SkillsBench: Benchmarking How Well Agent Skills Work Across Diverse Tasks

Xiangyi Li, Wenbo Chen, Yimin Liu, Shenghan Zheng, Xiaokun Chen, Yifeng He, Yubo Li, Bingran You, Haotian Shen, Jiankai Sun, Shuyi Wang, Binxu Li, Qunhong Zeng, Di Wang, Xuandong Zhao, Yuanli Wang, Roey Ben Chaim, Zonglin Di, Yipeng Gao, Junwei He, Yizhuo He, Liqiang Jing, Luyang Kong, Xin Lan, Jiachen Li, Songlin Li, Yijiang Li, Yueqian Lin, Xinyi Liu, Xuanqing Liu, Haoran Lyu, Ze Ma, Bowei Wang, Runhui Wang, Tianyu Wang, Wengao Ye, Yue Zhang, Hanwen Xing, Yiqi Xue, Steven Dillmann, Han-chung Lee

Published 2026-03-10

📖 4 min read☕ Coffee break read

View on arXiv ↗PDF ↗

Imagine you have a brilliant, super-smart intern. This intern (the AI Agent) knows a little bit about everything—history, math, coding, and cooking—because they read the entire internet. But, if you ask them to fix a specific type of industrial machine or file a complex tax return for a hedge fund, they might freeze. They know the concepts, but they don't know the step-by-step recipe for that specific job.

"Skills" are like giving that intern a specialized, pre-written cookbook or a "cheat sheet" for that specific job.

The paper SkillsBench is essentially a giant report card that asks: "Do these cheat sheets actually help the intern do their job better?"

Here is the breakdown of their findings, using some everyday analogies:

1. The Setup: The "Cheat Sheet" Experiment

The researchers created a massive testing ground called SkillsBench.

The Test: They gave 84 different tasks to 7 different "interns" (AI models).
The Conditions:
1. No Cheat Sheet: The intern tries to figure it out from scratch.
2. The Perfect Cheat Sheet: A human expert wrote a clear, step-by-step guide (a "Skill") and gave it to the intern.
3. The "Make Your Own" Cheat Sheet: The intern was told, "You don't have a guide, so write your own guide first, then do the job."

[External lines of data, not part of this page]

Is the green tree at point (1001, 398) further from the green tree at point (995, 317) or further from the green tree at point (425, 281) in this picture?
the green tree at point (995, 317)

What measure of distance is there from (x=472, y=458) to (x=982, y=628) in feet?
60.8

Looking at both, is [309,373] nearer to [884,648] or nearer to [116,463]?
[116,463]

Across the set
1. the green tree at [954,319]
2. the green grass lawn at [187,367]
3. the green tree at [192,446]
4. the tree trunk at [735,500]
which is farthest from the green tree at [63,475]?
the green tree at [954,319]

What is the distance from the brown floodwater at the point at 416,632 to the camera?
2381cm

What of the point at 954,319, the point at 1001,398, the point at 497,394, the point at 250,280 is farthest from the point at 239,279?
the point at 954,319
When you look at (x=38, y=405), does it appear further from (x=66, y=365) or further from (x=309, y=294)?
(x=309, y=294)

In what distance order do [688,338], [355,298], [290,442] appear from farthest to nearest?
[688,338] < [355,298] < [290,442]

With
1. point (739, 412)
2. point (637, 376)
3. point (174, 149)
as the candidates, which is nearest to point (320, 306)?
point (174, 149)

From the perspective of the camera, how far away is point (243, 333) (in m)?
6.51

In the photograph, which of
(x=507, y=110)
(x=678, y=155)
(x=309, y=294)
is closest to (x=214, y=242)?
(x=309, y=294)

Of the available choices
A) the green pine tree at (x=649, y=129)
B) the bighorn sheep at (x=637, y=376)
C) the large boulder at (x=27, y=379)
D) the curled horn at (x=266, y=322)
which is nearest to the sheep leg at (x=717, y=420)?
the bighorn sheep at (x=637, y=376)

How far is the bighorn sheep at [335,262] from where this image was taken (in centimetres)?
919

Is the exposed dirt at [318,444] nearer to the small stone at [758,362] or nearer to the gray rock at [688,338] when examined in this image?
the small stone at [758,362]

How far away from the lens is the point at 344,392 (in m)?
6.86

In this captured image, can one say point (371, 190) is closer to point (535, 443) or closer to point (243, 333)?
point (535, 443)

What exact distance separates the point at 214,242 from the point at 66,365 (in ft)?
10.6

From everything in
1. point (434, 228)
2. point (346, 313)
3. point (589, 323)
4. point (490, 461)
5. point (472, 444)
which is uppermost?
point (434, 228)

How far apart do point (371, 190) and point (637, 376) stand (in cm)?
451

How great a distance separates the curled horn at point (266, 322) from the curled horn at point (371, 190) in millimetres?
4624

2. The Big Wins: Human Guides Work Wonders

The Result: When the intern was given a human-written cheat sheet, they got much better at their jobs.

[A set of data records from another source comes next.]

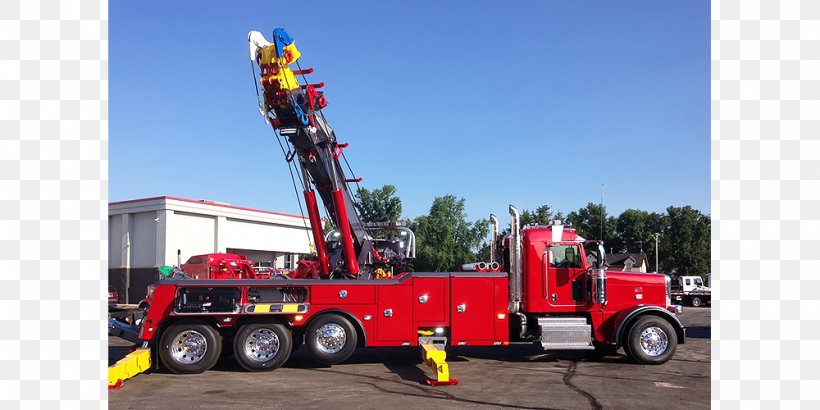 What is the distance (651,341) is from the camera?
12500mm

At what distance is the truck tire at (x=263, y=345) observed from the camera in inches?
461

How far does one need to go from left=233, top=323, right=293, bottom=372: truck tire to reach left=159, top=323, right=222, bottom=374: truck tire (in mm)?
450

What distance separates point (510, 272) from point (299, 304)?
4534 mm

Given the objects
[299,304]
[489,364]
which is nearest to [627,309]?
[489,364]

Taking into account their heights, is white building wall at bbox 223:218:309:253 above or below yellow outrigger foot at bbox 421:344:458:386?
above

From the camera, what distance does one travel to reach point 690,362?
1308 centimetres

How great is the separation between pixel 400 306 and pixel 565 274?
3.63 metres

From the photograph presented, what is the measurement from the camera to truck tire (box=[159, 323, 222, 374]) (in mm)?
11562

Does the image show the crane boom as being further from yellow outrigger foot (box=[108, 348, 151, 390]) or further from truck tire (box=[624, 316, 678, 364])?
truck tire (box=[624, 316, 678, 364])

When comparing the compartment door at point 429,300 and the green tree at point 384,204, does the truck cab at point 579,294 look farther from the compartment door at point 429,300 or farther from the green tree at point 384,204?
the green tree at point 384,204

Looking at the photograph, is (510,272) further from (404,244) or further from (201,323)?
(201,323)

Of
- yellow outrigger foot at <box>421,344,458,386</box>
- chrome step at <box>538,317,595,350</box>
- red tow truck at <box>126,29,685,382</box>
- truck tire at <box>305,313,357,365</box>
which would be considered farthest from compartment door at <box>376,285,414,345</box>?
chrome step at <box>538,317,595,350</box>

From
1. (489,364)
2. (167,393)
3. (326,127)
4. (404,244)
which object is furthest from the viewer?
(404,244)

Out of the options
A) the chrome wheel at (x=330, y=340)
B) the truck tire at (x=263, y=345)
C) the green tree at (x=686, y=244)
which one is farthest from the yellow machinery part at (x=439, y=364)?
the green tree at (x=686, y=244) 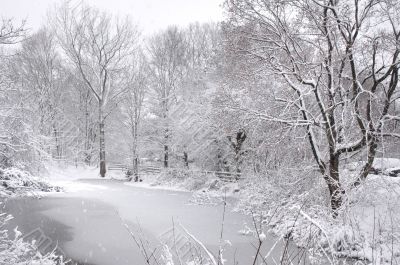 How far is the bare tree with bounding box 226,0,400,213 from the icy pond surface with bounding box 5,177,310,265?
336 centimetres

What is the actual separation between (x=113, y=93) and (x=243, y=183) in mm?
20302

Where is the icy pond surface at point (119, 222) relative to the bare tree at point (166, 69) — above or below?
below

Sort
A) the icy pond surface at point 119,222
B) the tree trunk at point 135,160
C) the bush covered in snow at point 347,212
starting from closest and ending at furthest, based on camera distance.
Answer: the bush covered in snow at point 347,212 → the icy pond surface at point 119,222 → the tree trunk at point 135,160

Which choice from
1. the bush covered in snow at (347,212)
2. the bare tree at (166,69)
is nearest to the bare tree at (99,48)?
the bare tree at (166,69)

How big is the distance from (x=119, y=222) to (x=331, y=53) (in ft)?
28.7

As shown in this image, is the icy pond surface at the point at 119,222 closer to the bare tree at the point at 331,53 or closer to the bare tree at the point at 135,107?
the bare tree at the point at 331,53

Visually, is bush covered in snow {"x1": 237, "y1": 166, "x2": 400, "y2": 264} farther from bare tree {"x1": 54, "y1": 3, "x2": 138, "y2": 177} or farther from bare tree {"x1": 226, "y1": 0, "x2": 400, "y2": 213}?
bare tree {"x1": 54, "y1": 3, "x2": 138, "y2": 177}

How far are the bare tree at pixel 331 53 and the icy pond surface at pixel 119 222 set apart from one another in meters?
3.36

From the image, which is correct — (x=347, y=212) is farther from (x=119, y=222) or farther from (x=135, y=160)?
(x=135, y=160)

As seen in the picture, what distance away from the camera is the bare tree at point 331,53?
30.7 feet

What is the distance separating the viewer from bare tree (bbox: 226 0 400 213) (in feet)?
30.7

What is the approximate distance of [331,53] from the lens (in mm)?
9531

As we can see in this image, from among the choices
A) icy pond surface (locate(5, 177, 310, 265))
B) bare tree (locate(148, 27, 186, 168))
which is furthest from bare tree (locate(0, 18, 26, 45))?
bare tree (locate(148, 27, 186, 168))

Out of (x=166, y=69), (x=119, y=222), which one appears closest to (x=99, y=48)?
(x=166, y=69) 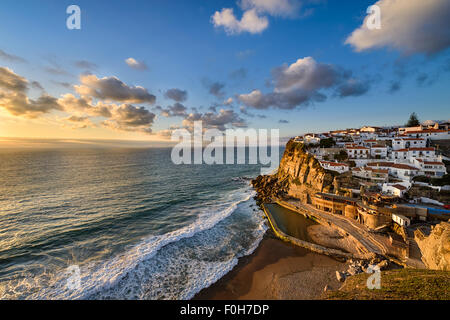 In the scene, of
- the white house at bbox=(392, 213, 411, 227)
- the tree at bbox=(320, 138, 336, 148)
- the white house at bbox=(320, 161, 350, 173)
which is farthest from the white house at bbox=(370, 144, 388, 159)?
the white house at bbox=(392, 213, 411, 227)

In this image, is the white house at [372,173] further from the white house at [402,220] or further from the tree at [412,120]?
the tree at [412,120]

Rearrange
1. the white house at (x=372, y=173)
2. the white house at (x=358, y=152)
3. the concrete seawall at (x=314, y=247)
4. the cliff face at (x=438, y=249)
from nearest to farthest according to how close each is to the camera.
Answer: the cliff face at (x=438, y=249)
the concrete seawall at (x=314, y=247)
the white house at (x=372, y=173)
the white house at (x=358, y=152)

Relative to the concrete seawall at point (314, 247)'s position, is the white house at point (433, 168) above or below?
above

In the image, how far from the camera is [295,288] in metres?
19.6

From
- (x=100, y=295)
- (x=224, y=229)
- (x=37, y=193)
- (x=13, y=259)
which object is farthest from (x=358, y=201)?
(x=37, y=193)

The Analogy: Imagine a chef who knows how to cook generally. If you give them a specific, well-written recipe for "Sourdough Bread," they can bake perfect bread. Without it, they might guess and burn the loaf.
The Stats: On average, the cheat sheets improved success rates by 16%.
The Surprise: The improvement wasn't the same for everyone.
- Healthcare & Manufacturing: The cheat sheets were magic here. Success jumped by over 50%. It's like giving a mechanic a specific manual for a new car model they've never seen before.
- Software Engineering: The improvement was smaller. Why? Because the intern already read a lot of code online, so they didn't need the manual as much.

3. The Big Fail: AI Can't Write Its Own Manuals

The Result: When the AI was told to write its own cheat sheet before doing the task, it didn't help at all. In fact, it sometimes made things worse.

The Analogy: Imagine asking a student to write their own study guide for a physics exam, and then taking the exam using only that guide. They might write down the wrong formulas or miss a key step because they don't actually know the material deeply enough to teach it.
The Lesson: AI is great at using knowledge, but it's currently terrible at creating the precise, structured instructions it needs to succeed. It needs a human to curate the "Skills."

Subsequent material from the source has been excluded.